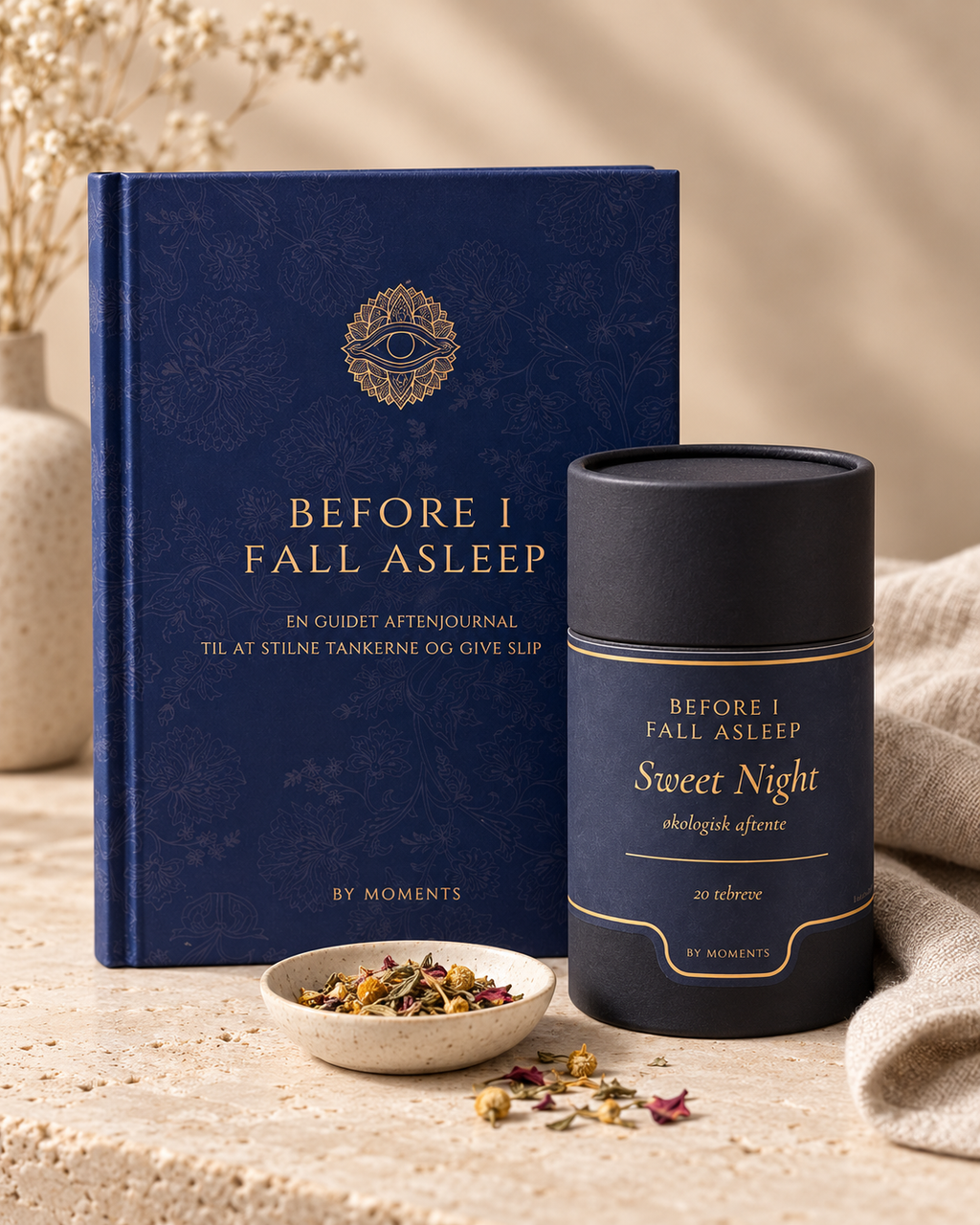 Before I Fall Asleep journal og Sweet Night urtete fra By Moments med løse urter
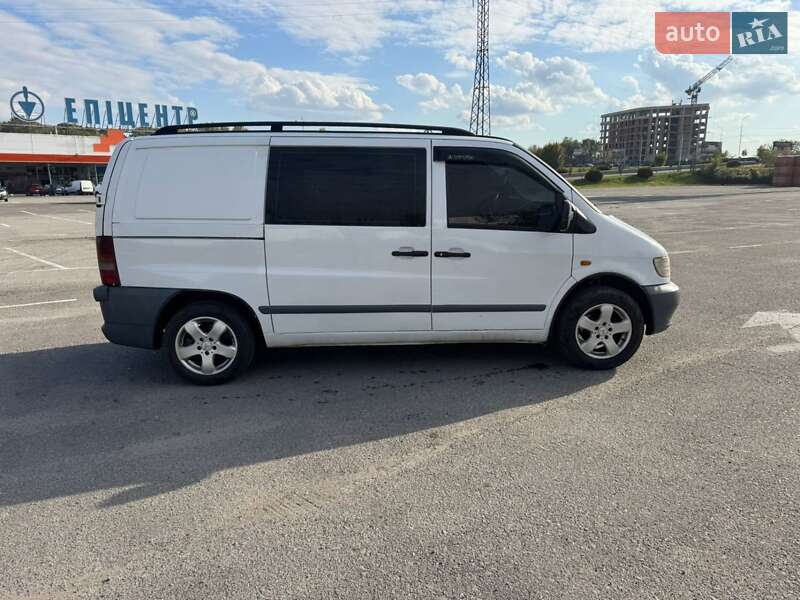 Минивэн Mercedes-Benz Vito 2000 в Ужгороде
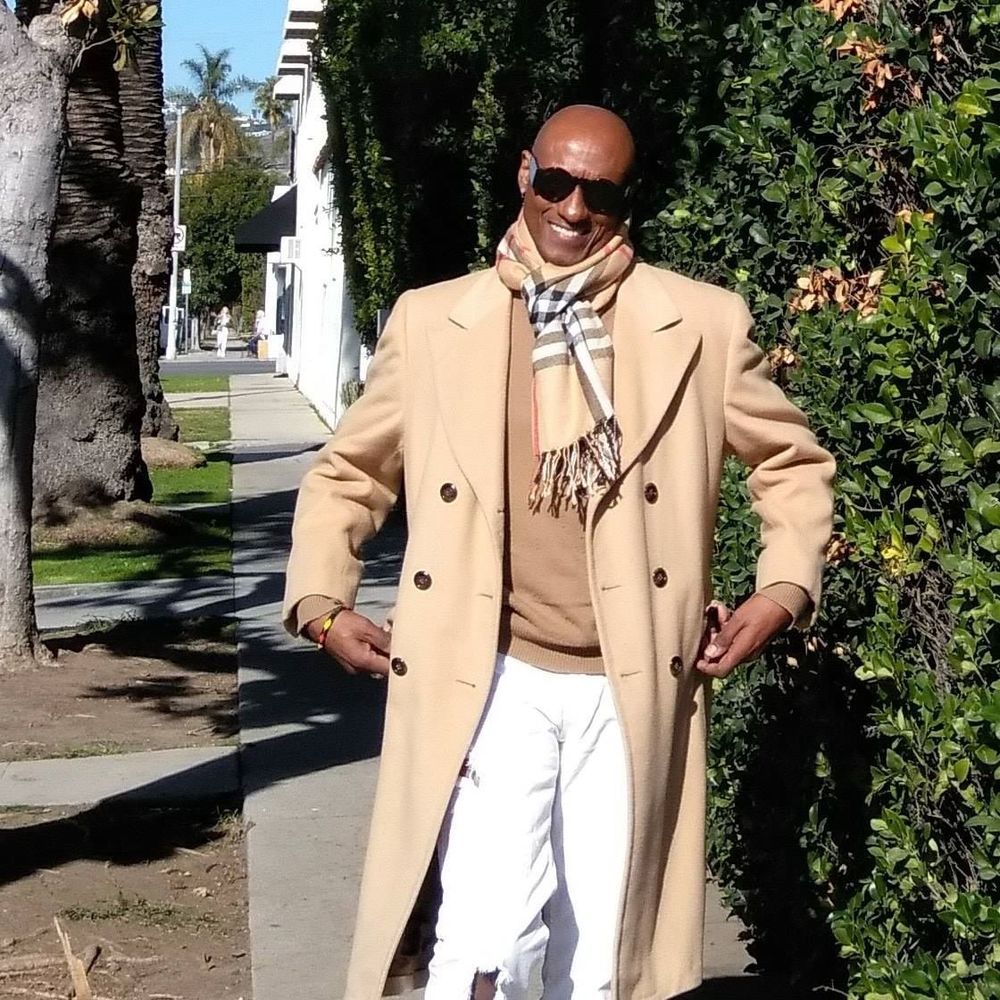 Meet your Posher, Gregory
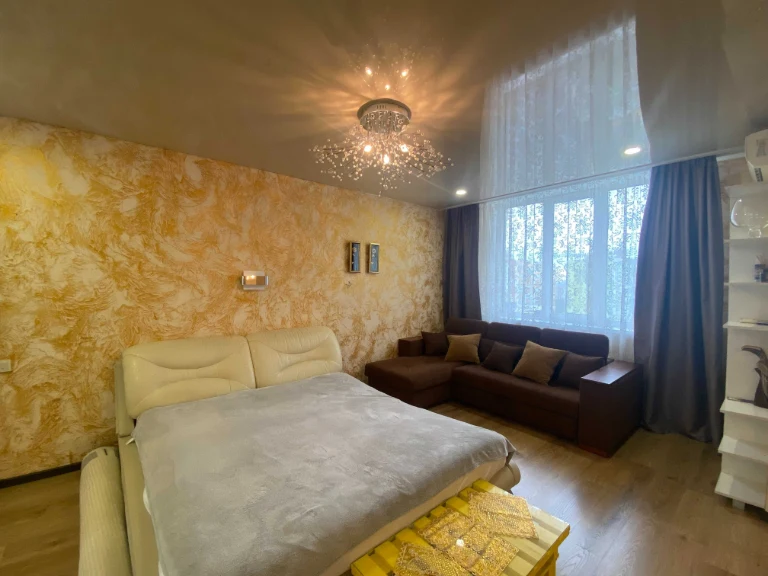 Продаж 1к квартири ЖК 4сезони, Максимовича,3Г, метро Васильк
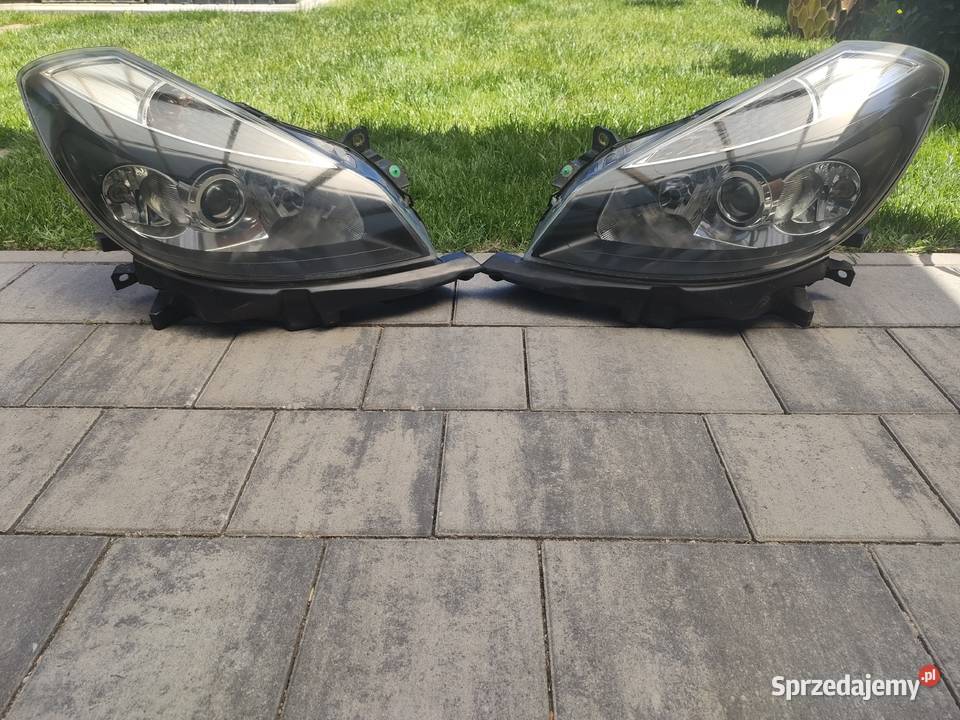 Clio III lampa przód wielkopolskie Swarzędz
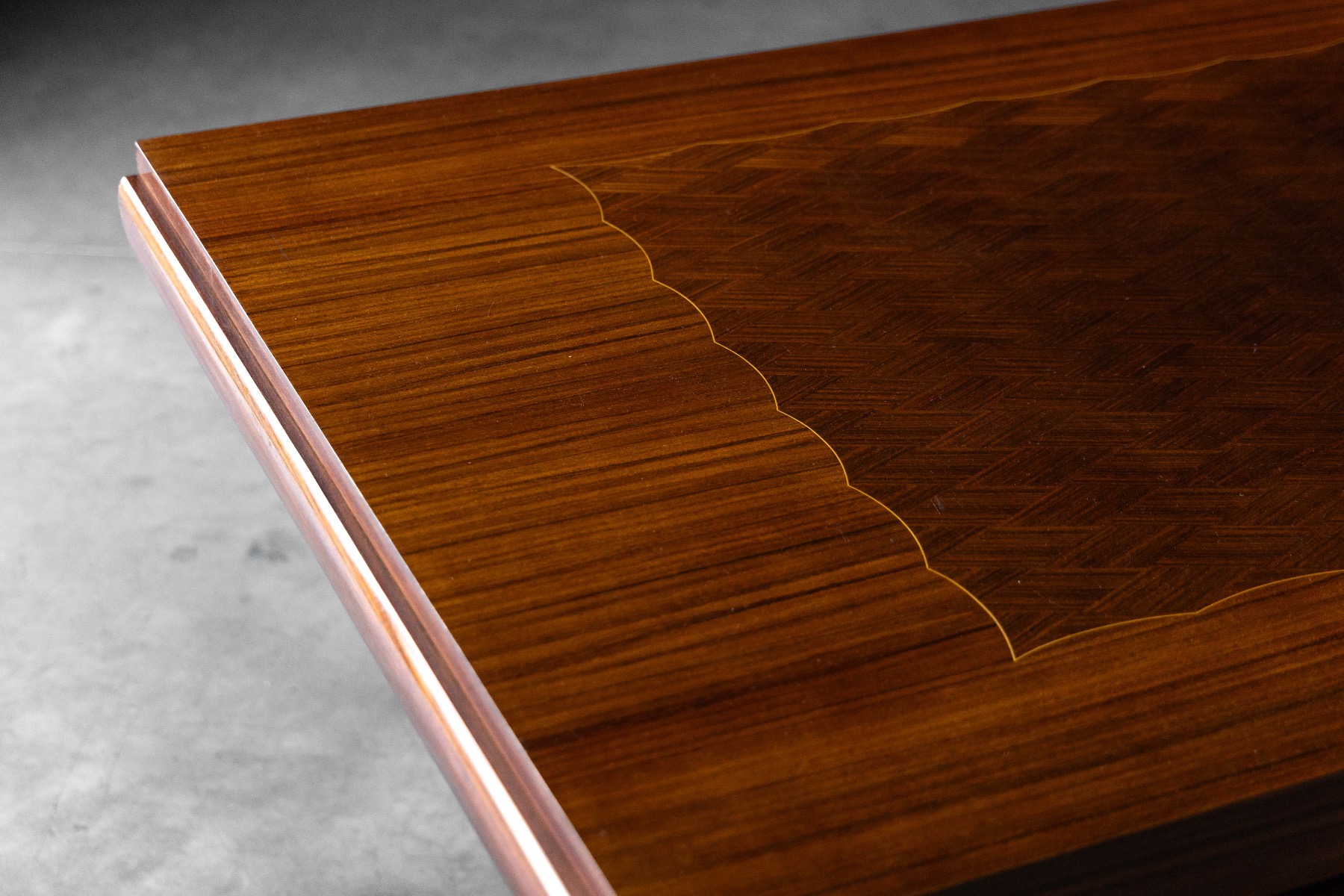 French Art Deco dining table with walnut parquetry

• **YOUR TASK**
Return the listing above unaltered, omitting its pictures.

• **ANSWER TO THIS EXERCISE**
 Before I Fall Asleep journal og Sweet Night urtete fra By Moments med løse urter
 Минивэн Mercedes-Benz Vito 2000 в Ужгороде
 Meet your Posher, Gregory
 Продаж 1к квартири ЖК 4сезони, Максимовича,3Г, метро Васильк
 Clio III lampa przód wielkopolskie Swarzędz
 French Art Deco dining table with walnut parquetry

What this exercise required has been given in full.